On June 27, Conagra Brands (CAG) posted lower-than-expected fourth-quarter results. Conagra Brands’ revenues continued to grow at a breakneck pace thanks to the acquisition of Pinnacle Foods. However, sales missed analysts’ estimate owing to the weakness in the base business, adverse currency rates, and divestitures.
Conagra Brands profit margins remained weak and declined on a YoY basis, reflecting brand building investments with retailers, inflation in input costs, and dilution from the Pinnacle Foods acquisition.
Lower-than-expected sales and weak margins took a toll on its bottom line, which continued to decline on a YoY basis and missed analysts’ estimate. Moreover, higher interest expenses and an increase in outstanding share count further suppressed its adjusted earnings.

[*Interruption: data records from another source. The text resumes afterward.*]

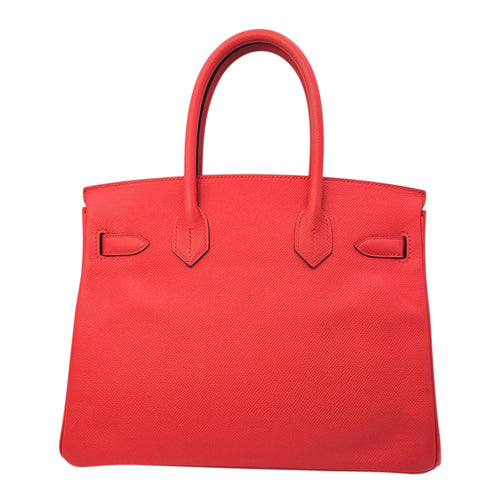 Birkin 30 Rouge Tomate in Epsom Palladium hardware CL2601-18307 2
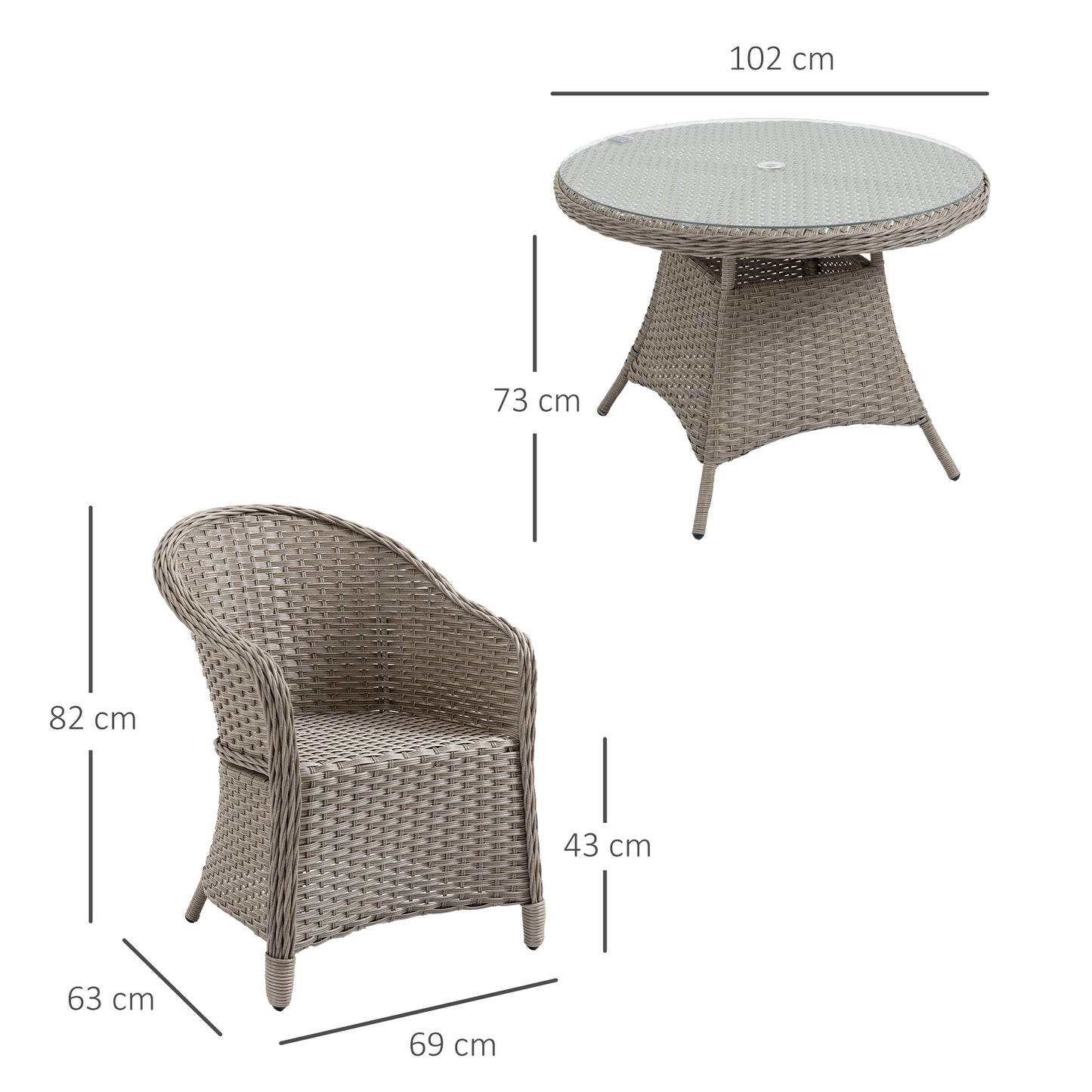 Outsunny 5 Pieces Outdoor Patio PE Rattan Dining Set, Four Seater Garden Furniture - 4 Chairs & Round Table w/ Umbrella Hole, Mixed Grey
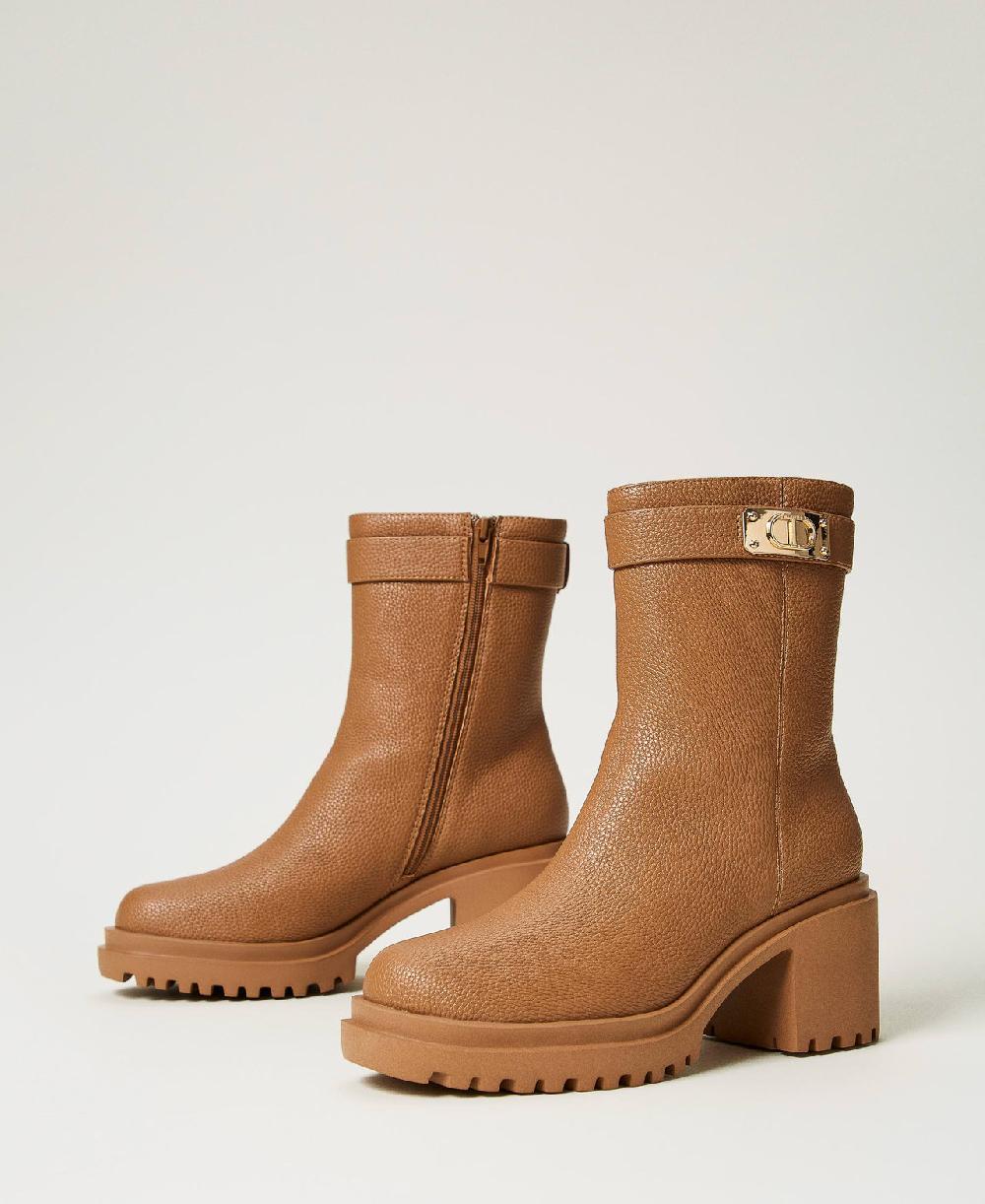 Scee By Twin Set Stivaletti Con Placchetta Logo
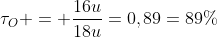 	au_{O} = frac{16u}{18u}=0,89=89\%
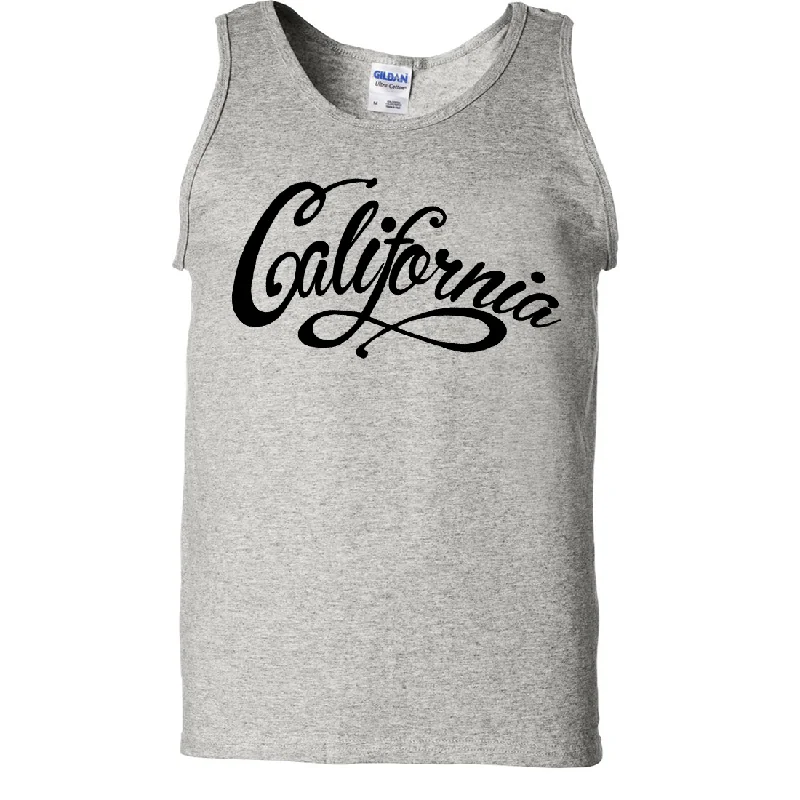 California Beach Script Black Print Asst Colors Tank Top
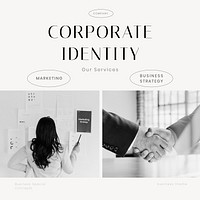 Corporate identity Instagram post template, business branding vector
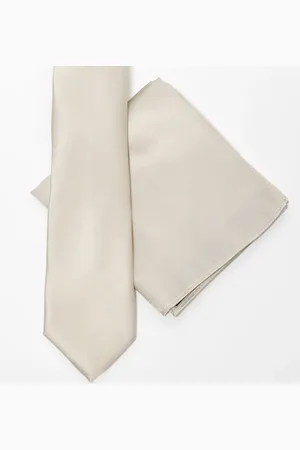 ASOS Satin tie and pocket square set in ecru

Conagra Brands posted net sales of $2.6 billion, which increased 32.9% YoY, reflecting a 33.9% contribution from acquisition and divestitures. Organic sales decreased 0.7%, reflecting lower volumes partially offset by higher net pricing.
Conagra’s adjusted gross margin contracted 210 basis points to 27.1%. Meanwhile, adjusted operating margins fell 70 basis points to 13.2%. Net interest expenses increased $86 million YoY, reflecting higher debt related to the funding of the Pinnacle acquisition. Meanwhile, the average outstanding shares increased by 92 million.
Lower margins, increased interest expenses, and a higher outstanding share count dragged its earnings down. Conagra Brands posted adjusted earnings of $0.36 per share, which decreased 28% on a YoY basis and missed analysts’ estimate of $0.41.
Conagra Brands stock was trading about 6% lower during the pre-market session.